Source data
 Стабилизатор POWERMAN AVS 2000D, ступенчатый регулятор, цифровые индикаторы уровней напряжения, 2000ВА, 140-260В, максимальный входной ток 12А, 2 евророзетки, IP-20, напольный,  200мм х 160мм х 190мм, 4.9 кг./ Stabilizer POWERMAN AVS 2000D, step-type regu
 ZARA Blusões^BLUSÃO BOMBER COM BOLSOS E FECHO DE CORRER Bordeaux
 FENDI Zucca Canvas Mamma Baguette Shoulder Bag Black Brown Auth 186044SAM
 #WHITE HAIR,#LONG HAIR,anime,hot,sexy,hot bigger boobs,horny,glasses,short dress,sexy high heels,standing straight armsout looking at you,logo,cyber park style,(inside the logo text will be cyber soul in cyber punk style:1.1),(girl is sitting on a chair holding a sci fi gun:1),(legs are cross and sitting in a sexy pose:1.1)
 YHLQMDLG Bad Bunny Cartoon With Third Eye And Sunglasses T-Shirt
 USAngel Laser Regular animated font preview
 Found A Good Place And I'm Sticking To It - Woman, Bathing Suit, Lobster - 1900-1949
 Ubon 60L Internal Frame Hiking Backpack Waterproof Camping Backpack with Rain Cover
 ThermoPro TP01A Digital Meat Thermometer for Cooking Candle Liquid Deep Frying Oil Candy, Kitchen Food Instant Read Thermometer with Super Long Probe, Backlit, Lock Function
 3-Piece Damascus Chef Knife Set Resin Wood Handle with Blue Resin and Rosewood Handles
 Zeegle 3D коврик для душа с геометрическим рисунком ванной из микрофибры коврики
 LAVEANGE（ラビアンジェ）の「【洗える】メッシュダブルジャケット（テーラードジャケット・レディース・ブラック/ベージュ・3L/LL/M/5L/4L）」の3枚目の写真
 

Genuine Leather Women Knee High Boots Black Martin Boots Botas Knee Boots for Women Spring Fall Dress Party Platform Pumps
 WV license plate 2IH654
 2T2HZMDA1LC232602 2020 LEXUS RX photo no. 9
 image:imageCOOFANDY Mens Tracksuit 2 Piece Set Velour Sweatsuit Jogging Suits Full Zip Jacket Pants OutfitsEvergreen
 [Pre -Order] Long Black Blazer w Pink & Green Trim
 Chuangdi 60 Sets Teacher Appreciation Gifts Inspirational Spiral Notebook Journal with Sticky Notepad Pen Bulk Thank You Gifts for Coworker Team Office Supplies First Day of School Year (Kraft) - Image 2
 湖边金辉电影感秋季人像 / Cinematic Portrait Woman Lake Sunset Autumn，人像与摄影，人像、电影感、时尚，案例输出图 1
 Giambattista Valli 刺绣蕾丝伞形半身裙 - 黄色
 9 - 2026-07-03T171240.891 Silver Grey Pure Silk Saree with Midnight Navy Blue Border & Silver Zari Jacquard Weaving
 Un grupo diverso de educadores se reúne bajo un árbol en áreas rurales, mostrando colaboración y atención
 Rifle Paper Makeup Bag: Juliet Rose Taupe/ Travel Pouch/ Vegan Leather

#### ACTIVITY:
Line count for the string "Woman": tally the lines of the records above that contain it and give only the result.

#### OUTPUT OF THE TASK:
2